On the first day of the tsunami disaster in Southeast Asia some news anchor said, "The death toll is now over 10,000 including at least three Americans."

Is that a sane statement? Is it correct or proper for us to ask, were there any Americans? Jews? Israelis? Is it normal that the world took notice of the Belgians, action figures and supermodels?

Popular thinking says no. It's not politically correct to consider the three Americans significant in the face of tens of thousands of other human beings.

But, on second thought, everything exists in layers and degrees. For a close friend we hurt more. For a family member the pain is greater yet.
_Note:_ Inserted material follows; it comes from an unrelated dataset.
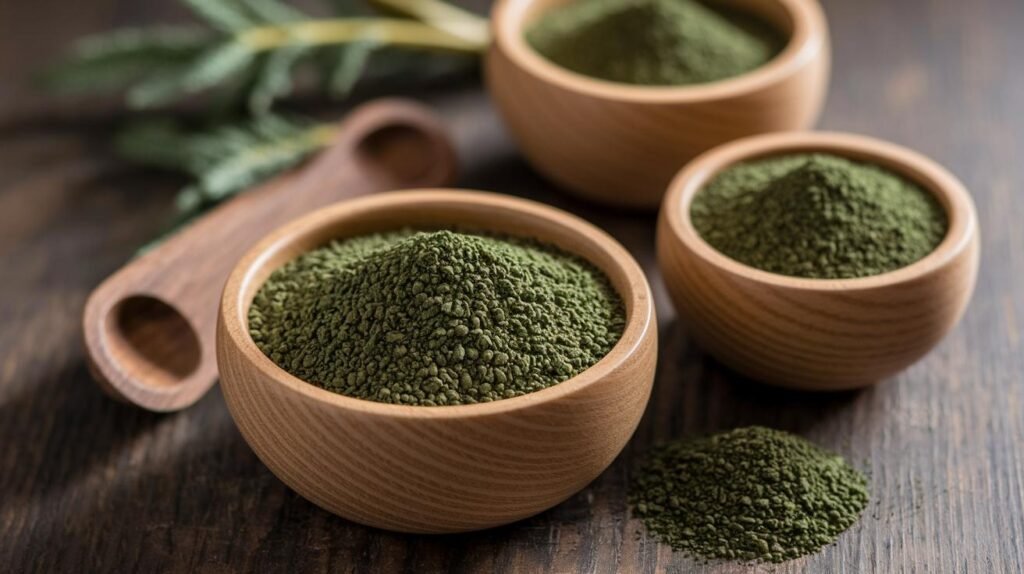 Trois bols en bois contenant de la poudre verte, du shilajit, du shilajit pur et de la résine de shilajit sur une surface rustique avec une pelle et des feuilles.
Indeed it would be unrealistic and un-human to expect one to feel differently.

In the case of this tsunami, the devastation is so massive that we need something to "bring it home." Otherwise, it remains a terrible tragedy half a world away.
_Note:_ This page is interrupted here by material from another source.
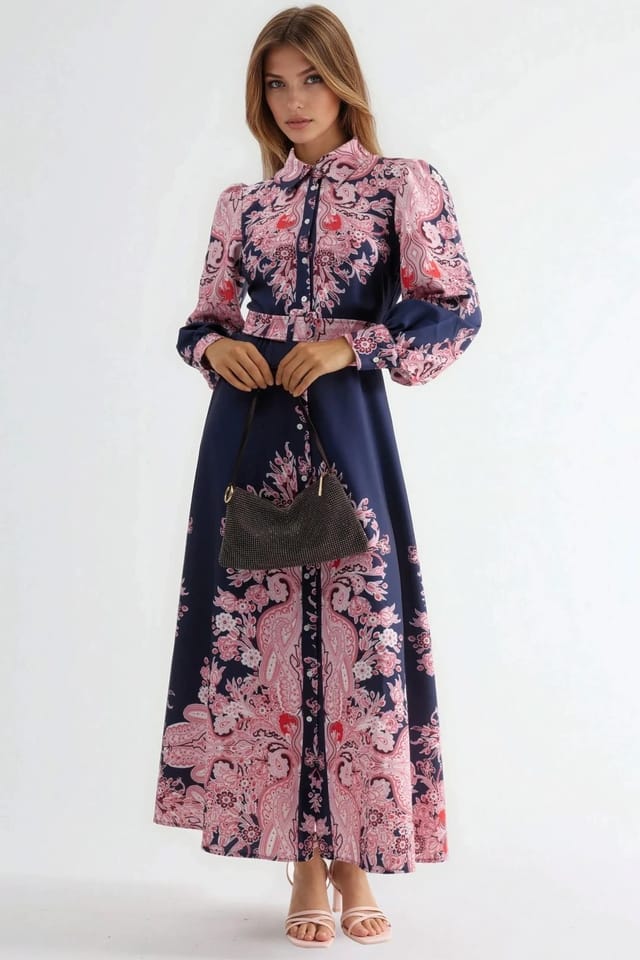 MSN Collection MSN Collection Women's Belted Maxi Dress with Paisley Print - 2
So we find even a single individual among the victims that brings the pain to a personal level.

The really important question is: Now what? Now it's personal. What happens next?

That's where this selective grieving can go either way. If we continue to grieve only for those dear to us then we've failed. But if once we have this feeling of grief over a person we relate to, we then extend it to the rest, that's moral and kosher and humane.
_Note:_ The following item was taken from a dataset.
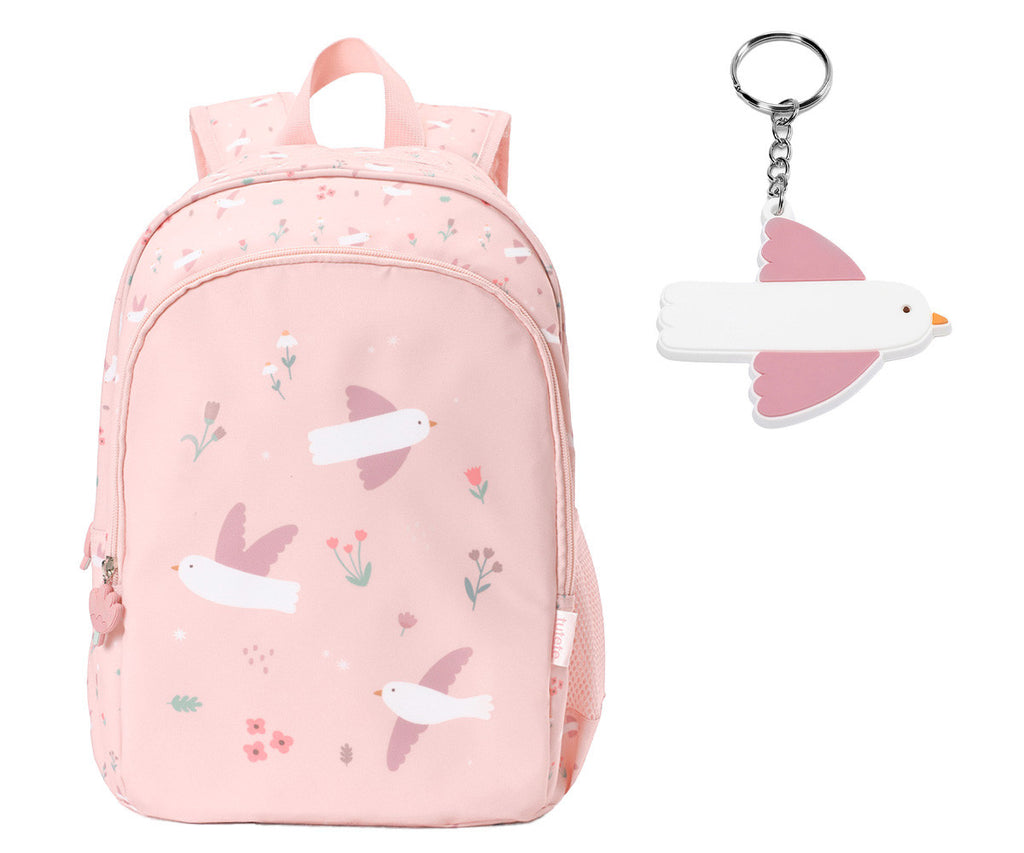 Mochila media escolar Tutete Blossom Birds em plastico reciclado RPET com porta-chaves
The "particularism" is the gateway to concern for all.

If we grieve indiscriminately for all, the feeling is too amorphous and intangible. We need to identify the victim with ourselves. Impersonal grief is unreal. So make it personal. How? By associating it with a personal grief and then extending it from there.

The story is told of a chassid who wept when he realized that he didn't cry over the untimely passing of his neighbor's child as much as he did over the passing of his own son. Even after all his life-long effort to ingrain the love of his fellow in his heart.

That chassid was obviously on a very high level, which cannot be expected of you and me. But the lesson is useful. He only discovered the incompleteness of his grief for the neighbor's loss after he was able to compare it to his own.

The pain of others should be as real to us as our own. That is the ideal we must aspire to. And the place to start is the pain that is closest to our hearts.